In addition to e-st@r-II there were two other 1U CubeSats (AAUSAT 4 and OUFTI 1) that were manifested aboard the Soyuz launch mission. These small satellites, each measuring just 10 × 10 × 11 cm in height, were developed by teams of university students through ESA programs.

E-st@r-II is a 1U CubeSat developed for demonstrating the autonomous active attitude control capabilities based on magnetic actuation: in fact, the payload is an Active Attitude Determination and Control System. The commissioning phase foresees that the payload is deactivated leaving the satellite in its free tumbling motion, without any attitude stabilization. The A-ADCS starts its work when commanded from GCS, controlling the angular velocities and the attitude of the satellite.

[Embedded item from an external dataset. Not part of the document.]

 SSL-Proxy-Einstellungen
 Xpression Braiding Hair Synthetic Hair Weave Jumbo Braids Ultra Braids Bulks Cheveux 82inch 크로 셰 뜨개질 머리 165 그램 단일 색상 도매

The primary scientific objectives of e-st@r-II mission are:
- to demonstrate the capability of autonomous determination, control and manoeuver, through the development and test in orbit of an A-ADCS entirely designed and manufactured by students
- to test in orbit COTS technology and self-made hardware

E-st@r-II is a follow-on of e-st@r-I, the first Italian CubeSat and the first satellite of Politecnico di Torino to be inserted on orbit.
More than 30 students worked on this project, using a unique opportunity of hands-on experience on space applications.
It will demonstrate the ability of determining (with gyros and magnetometers) and actively controlling its attitude.
The bus functionalities, as a basis for other CubeSats, will be demonstrated: it is a step towards future missions and applications.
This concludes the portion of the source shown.